Le nombre de 130 participants et la formulation précise de cet accord n’ont pas encore été retrouvés dans un communiqué officiel récent et séparément indexé. En revanche, plusieurs éléments essentiels du programme sont confirmés par des sources publiques.
Le canal officiel de la communauté ukrainienne de Boyarka a annoncé un camp orthodoxe en Grèce pour des enfants de 9 à 15 ans, du 2 au 14 août 2026. L’Église orthodoxe d’Ukraine y est désignée comme organisatrice. Pour ce groupe, les familles prennent en charge le transport, tandis que l’hébergement, les repas et les excursions sont gratuits.
Le programme mêle détente et découverte. Il prévoit la mer, l’Acropole, un parc aquatique et des monastères, ainsi que des rencontres avec des membres du clergé grec et des échanges spirituels.
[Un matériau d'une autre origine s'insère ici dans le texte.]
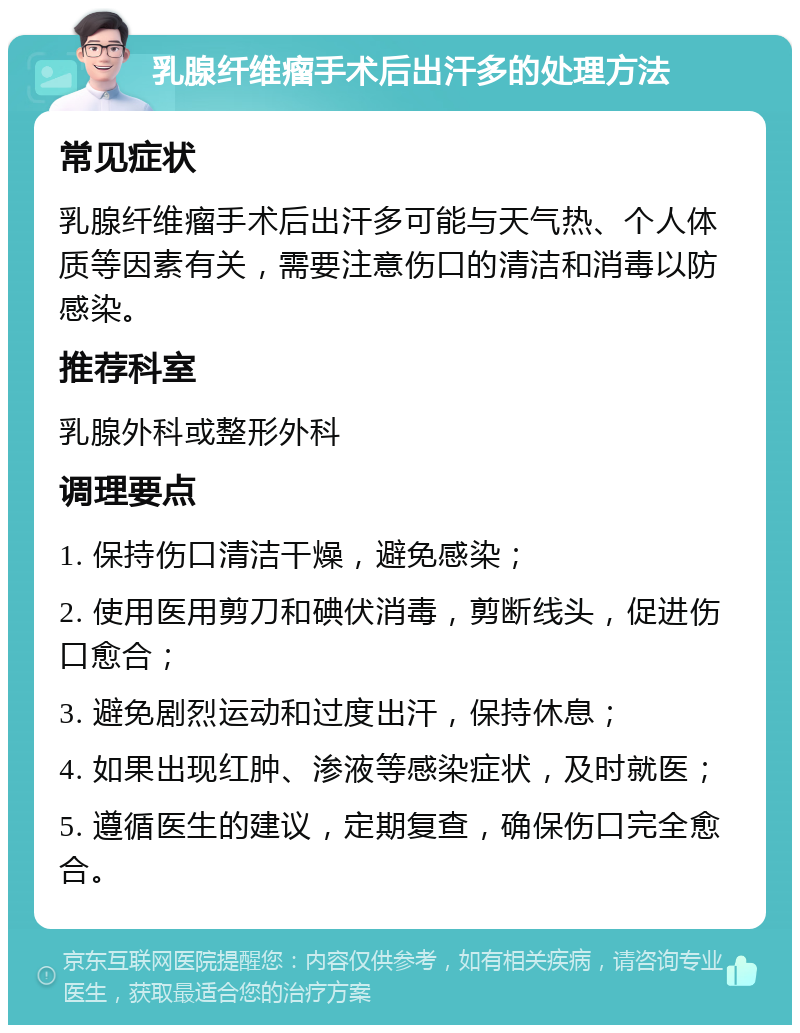 乳腺纤维瘤手术后出汗多的处理方法 常见症状 乳腺纤维瘤手术后出汗多可能与天气热、个人体质等因素有关，需要注意伤口的清洁和消毒以防感染。 推荐科室 乳腺外科或整形外科 调理要点 1. 保持伤口清洁干燥，避免感染； 2. 使用医用剪刀和碘伏消毒，剪断线头，促进伤口愈合； 3. 避免剧烈运动和过度出汗，保持休息； 4. 如果出现红肿、渗液等感染症状，及时就医； 5. 遵循医生的建议，定期复查，确保伤口完全愈合。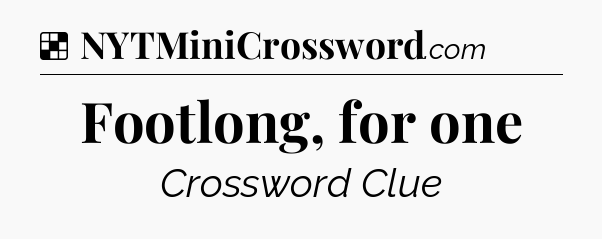Solution: Footlong, for one - NYT Crossword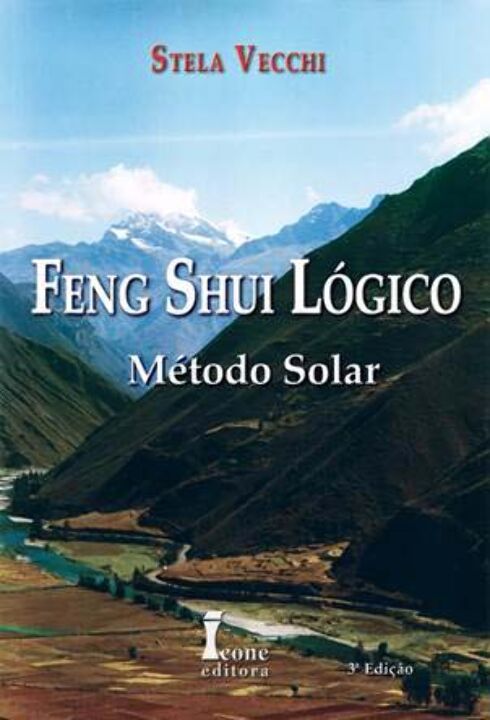 Livro Feng Shui Lógico - Método Solar - 03Ed/21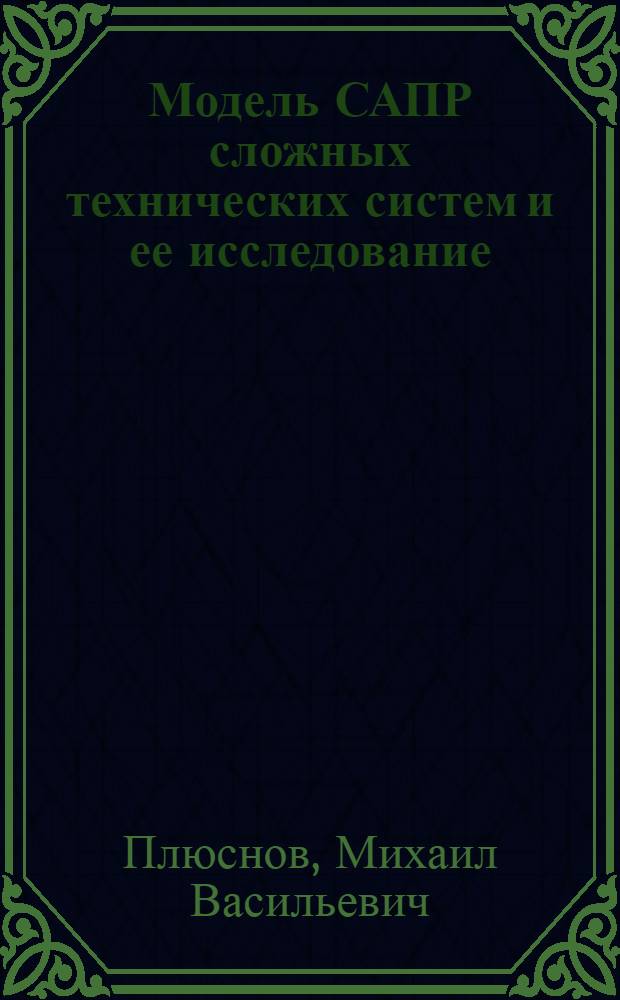 Модель САПР сложных технических систем и ее исследование : Автореф. дис. на соиск. учен. степ. к. т. н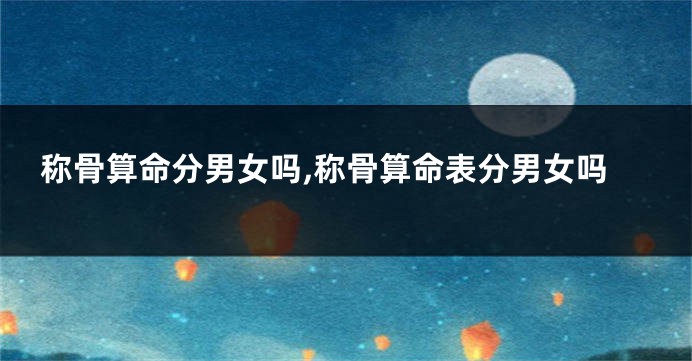 称骨算命分男女吗,称骨算命表分男女吗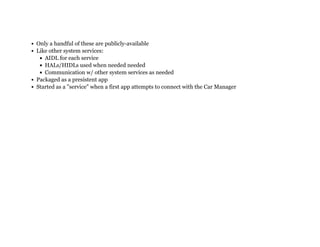 Only a handful of these are publicly-available
Like other system services:
AIDL for each service
HALs/HIDLs used when needed needed
Communication w/ other system services as needed
Packaged as a presistent app
Started as a "service" when a first app attempts to connect with the Car Manager
 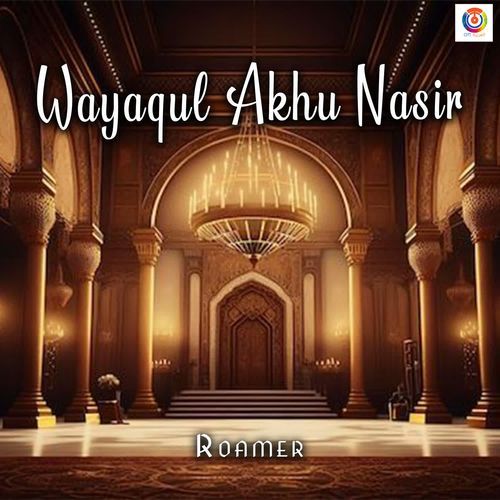 Wayaqul Akhu Nasir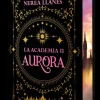 La Academia 2. Aurora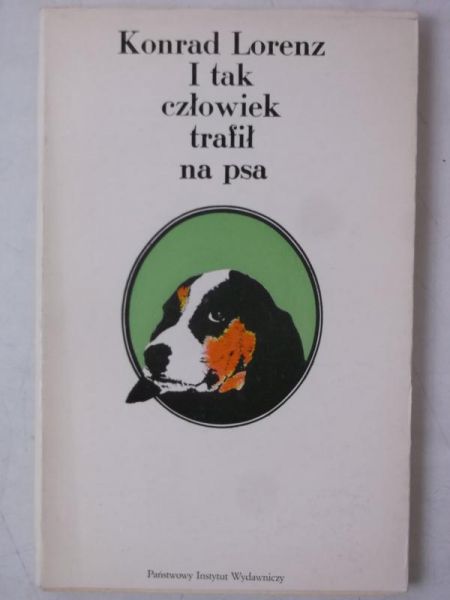 I tak człowiek trafił na psa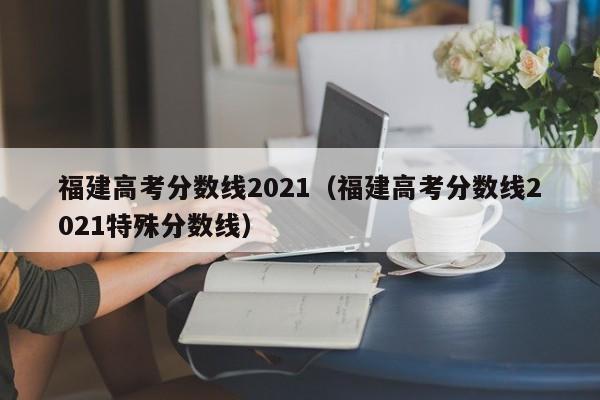 福建高考分数线2021（福建高考分数线2021特殊分数线）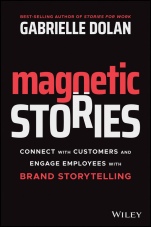 Magnetic Stories: Connect with Customers and Engage Employees with Brand Storytelling - ISBN 9780730388517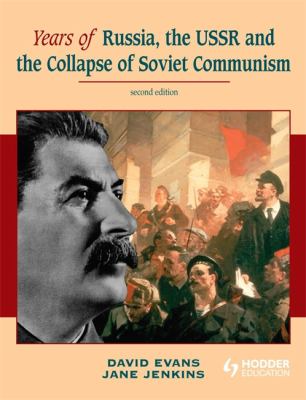 Years of Russia, the USSR and the collapse of Soviet communism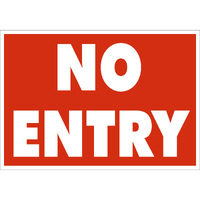 Policy Sign - NO ENTRY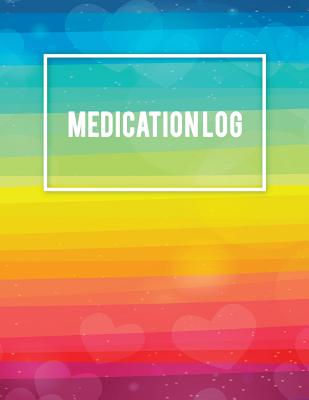 Medication Log: Daily Medicine Record Tracker 120 Pages Large Print 8.5 x 11 Health Medicine Reminder Log, Treatment History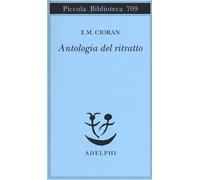 Antologia del ritratto da Saint-Simon a Tocqueville - Cioran Emil M.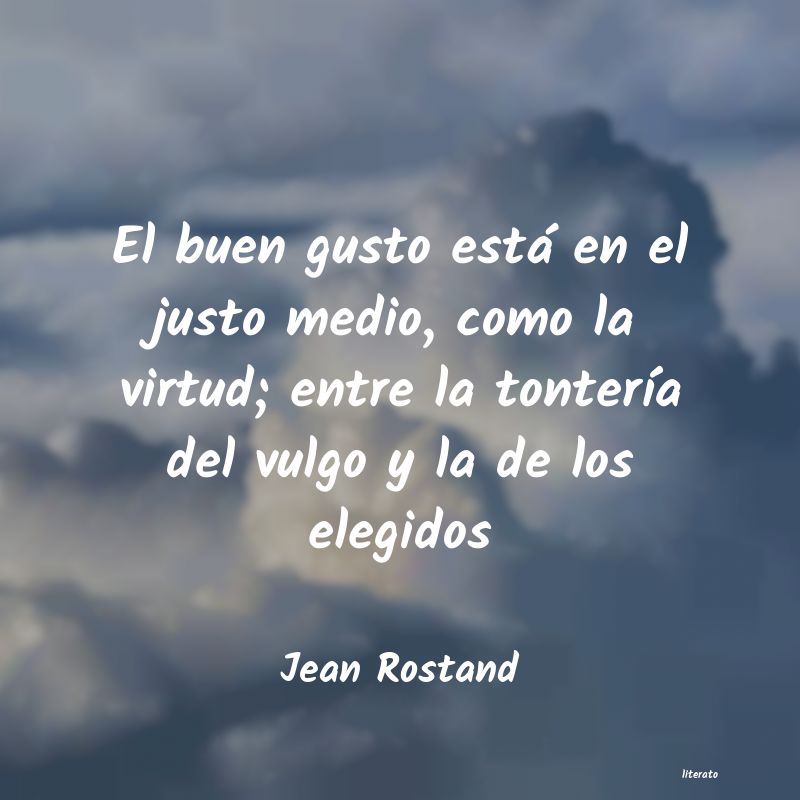 Frases de Jean Rostand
Ces détails concernent le groupe documenté de Boyarka et ne peuvent pas être automatiquement appliqués à tous les enfants mentionnés dans la source initiale.
L’Archevêché d’Athènes dispose par ailleurs d’une infrastructure ancienne pour accueillir des enfants. Son site officiel présente ses camps d’Attique comme une composante du centre d’éducation, de culture et de bénévolat « Η Αγία Φιλοθέη ». Les installations ont été inaugurées par l’archevêque Hiéronyme II en 2012. En 2026, l’archevêché continue également à proposer d’autres activités estivales destinées aux enfants.
Cette hospitalité s’inscrit dans une histoire plus longue. En mars 2022, Hiéronyme avait proposé des locaux et des structures de l’archevêché pour accueillir des réfugiés ukrainiens, avec une attention particulière aux mineurs. En 2024, Hellenic Aid avait organisé en Attique un autre camp d’été destiné à des enfants venus d’Odesa.
Le projet actuel montre ainsi comment une relation religieuse et institutionnelle peut devenir une expérience très concrète pour des familles. Il faut trouver des lieux, nourrir les enfants, organiser les déplacements, assurer l’encadrement et construire un programme. Derrière la dimension symbolique des relations entre Églises se trouve donc un travail quotidien d’accueil.
Pour les enfants, l’enjeu est plus intime. Une plage, une visite culturelle, des jeux et des repas partagés ne font pas disparaître les conséquences de la guerre. Ils peuvent toutefois restituer provisoirement un rythme de vacances, des rencontres et une forme de légèreté.
La rédaction distingue clairement les niveaux de preuve: le camp d’août organisé par l’Église orthodoxe d’Ukraine, les conditions offertes à un groupe identifié et les infrastructures de l’Archevêché d’Athènes sont documentés. Le total de 130 enfants et l’accord personnel entre Épiphane et Hiéronyme restent attribués à la source primaire reçue, dans l’attente d’une confirmation officielle distincte.